▸ **What to do**
Restate the full listing word for word and leave the pictures out.

▸ **Given data**
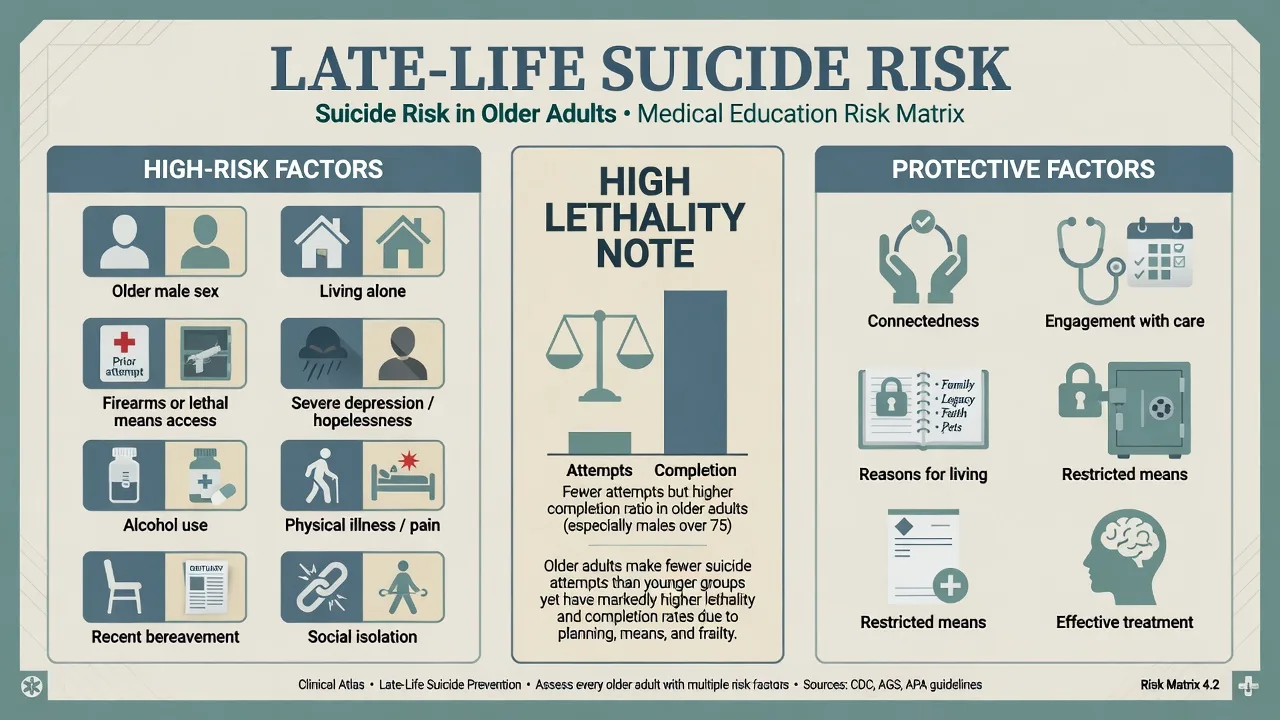 Late-life suicide risk matrix with high-risk and protective factors and high lethality note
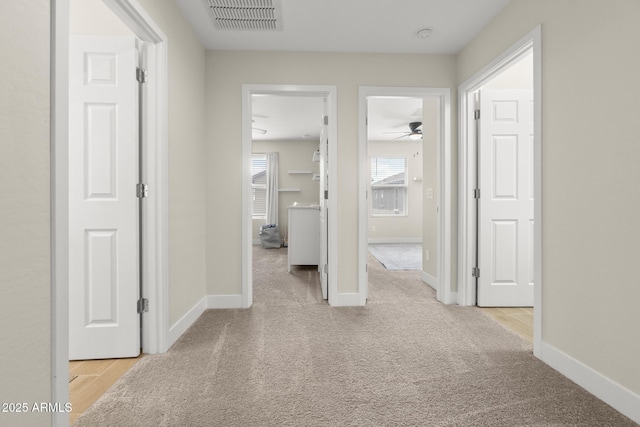 hall featuring carpet flooring and baseboards
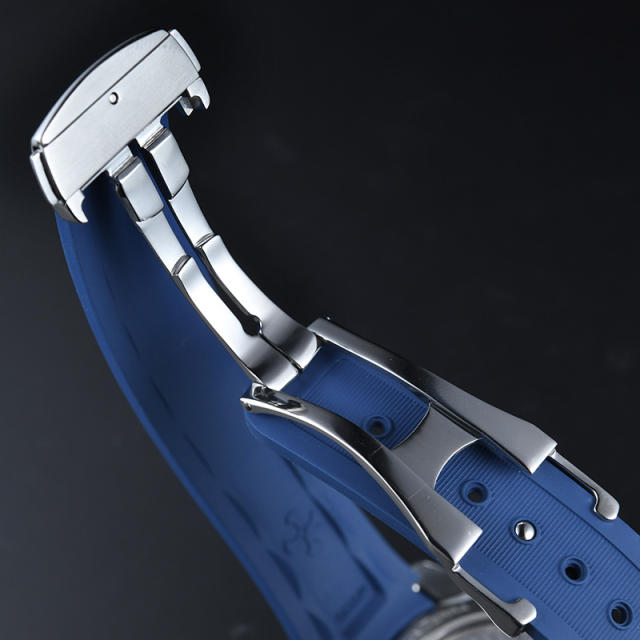 维瑞亚橡胶表带适用于OMEGA海马150M 43mm世界时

▸ **Expected answer**
 Late-life suicide risk matrix with high-risk and protective factors and high lethality note
 hall featuring carpet flooring and baseboards
 维瑞亚橡胶表带适用于OMEGA海马150M 43mm世界时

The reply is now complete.